Responding to the directive from the 220th General Assembly (2012) to develop strategies and policies to foster racial ethnic, multicultural, and new immigrant church growth within PC(USA), Racial Ethnic & Women’s Ministries/PW’s staff hosted a consultation in the summer of 2013 to address what can be done.
“There was an intentional collaboration between representatives of the GA offices, the mid-council executives who participated, and congregational leadership, especially young adults who provided great leadership and voice.” Rev. Dr. Rhashell Hunter, Director of Racial Ethnic & Women’s Ministries/PW said. “We were looking for practical strategies that will lead to ministries of impact in our church.”
“I was impressed by the group that gathered and the enthusiasm I heard from them after they had been meeting for a full day. We started the day asking "what will be different this time?" Linda Valentine, Executive Director, Presbyterian Mission Agency, said.
The group of about three dozen people worked over two days identifying both the bright spots within racial ethnic, multicultural, and new immigrant ministries as well as the challenges still to be met.
Some of the obstacles include the dismissal of leadership credentials of new immigrant pastors ordained in Presbyterian Church denominations outside of the United States; and the need for support and training; and local and regional human resources in areas where mid-councils have experienced staff reduction.
“What did stand out was the shared thought that training received by Presbyterians in Presbyterian-related seminaries seems unaligned with present day pastoral and congregational needs,” Rev. Morse said.
Those would include working with seminaries to develop culturally sensitive processes for curriculum, theologies, language, and teaching and learning styles for both clergy and lay leaders of all ethnicities.
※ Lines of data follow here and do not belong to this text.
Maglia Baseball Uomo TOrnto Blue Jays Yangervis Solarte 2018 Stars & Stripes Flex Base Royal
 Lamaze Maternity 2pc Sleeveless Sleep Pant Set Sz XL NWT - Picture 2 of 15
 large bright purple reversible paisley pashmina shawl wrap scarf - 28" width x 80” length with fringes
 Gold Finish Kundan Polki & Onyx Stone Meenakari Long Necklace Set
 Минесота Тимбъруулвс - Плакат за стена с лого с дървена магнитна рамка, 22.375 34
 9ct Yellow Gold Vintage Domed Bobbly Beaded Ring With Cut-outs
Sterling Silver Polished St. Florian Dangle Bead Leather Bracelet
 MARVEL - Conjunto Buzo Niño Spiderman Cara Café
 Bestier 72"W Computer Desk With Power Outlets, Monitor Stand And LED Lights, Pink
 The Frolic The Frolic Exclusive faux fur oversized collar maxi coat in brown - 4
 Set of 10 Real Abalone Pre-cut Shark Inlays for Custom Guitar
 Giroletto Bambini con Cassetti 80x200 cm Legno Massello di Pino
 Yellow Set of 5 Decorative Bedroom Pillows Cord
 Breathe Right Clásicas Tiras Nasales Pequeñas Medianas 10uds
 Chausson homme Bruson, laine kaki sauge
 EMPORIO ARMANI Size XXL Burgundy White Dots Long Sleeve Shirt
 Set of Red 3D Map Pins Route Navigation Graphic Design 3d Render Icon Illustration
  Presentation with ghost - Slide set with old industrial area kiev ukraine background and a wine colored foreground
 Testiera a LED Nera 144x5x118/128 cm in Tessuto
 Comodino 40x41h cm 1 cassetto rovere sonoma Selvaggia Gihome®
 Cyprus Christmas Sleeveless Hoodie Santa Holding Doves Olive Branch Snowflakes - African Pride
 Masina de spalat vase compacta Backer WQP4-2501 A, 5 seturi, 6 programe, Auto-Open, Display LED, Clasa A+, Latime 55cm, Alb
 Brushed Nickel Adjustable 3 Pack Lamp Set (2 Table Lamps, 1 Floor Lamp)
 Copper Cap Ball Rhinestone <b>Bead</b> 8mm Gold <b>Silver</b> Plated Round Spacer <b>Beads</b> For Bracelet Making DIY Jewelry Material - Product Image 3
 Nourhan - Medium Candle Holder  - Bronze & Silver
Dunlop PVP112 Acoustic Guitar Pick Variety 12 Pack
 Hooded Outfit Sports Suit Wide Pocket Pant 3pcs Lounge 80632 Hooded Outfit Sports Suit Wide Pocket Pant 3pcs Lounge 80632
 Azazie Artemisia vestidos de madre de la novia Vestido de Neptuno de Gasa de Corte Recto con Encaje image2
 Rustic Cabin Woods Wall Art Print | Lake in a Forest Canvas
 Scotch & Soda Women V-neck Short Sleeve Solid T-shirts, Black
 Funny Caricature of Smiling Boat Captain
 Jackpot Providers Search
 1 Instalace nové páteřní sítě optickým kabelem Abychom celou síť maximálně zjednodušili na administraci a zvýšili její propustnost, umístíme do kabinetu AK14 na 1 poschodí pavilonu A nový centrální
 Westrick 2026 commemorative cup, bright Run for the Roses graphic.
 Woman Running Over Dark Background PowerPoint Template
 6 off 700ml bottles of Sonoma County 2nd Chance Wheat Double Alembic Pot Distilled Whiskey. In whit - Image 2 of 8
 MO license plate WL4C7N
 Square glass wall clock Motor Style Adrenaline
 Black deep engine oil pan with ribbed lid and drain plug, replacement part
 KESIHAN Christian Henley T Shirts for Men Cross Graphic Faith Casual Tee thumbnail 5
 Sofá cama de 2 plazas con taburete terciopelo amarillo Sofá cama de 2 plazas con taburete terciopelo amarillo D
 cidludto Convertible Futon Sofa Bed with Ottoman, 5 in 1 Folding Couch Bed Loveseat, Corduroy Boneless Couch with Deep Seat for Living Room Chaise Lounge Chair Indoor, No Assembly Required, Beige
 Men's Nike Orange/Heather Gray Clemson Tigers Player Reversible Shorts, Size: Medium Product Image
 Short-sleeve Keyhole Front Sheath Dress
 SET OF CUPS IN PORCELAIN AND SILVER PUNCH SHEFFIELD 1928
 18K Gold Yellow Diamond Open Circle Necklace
Attendees also identified a need to transform the culture of the Presbyterian Church (U.S.A.) from regulatory to relational.
“We need to move away from our high level of care and feeding the growth of the institution and pay more attention to the needs of the world around us,” McKee said. “We’ve often thought that the flow needs to be from the world around us to the church, but we need to flow outward to help the people around us.”
“The context for ministry is ever changing and the church is in need of leaders…who are committed to helping it live out its call to be a more inclusive body of Christ that understands and embraces the beauty and greatness that diversity brings,” Vince Patton, Racial Ethnic Leadership Development Manager, said.
The writing team for the consultation began preparing its report of recommendations in July 2013 for the 221st General Assembly (2014) which will take place in Detroit, Michigan.
For Rev. Morse, the discussion and worship taking place at the consultation itself was a sign of forward momentum.
“The diverse group gelled quickly, spoke frankly in dealing with difficult subjects, and reach common ground in decision making in a way that seldom happens, at least in my experience,” he said. “I contend the consultation, the collaboration on faith and mission issues with others, across race, culture, and class, allowed for the sense of healing all.”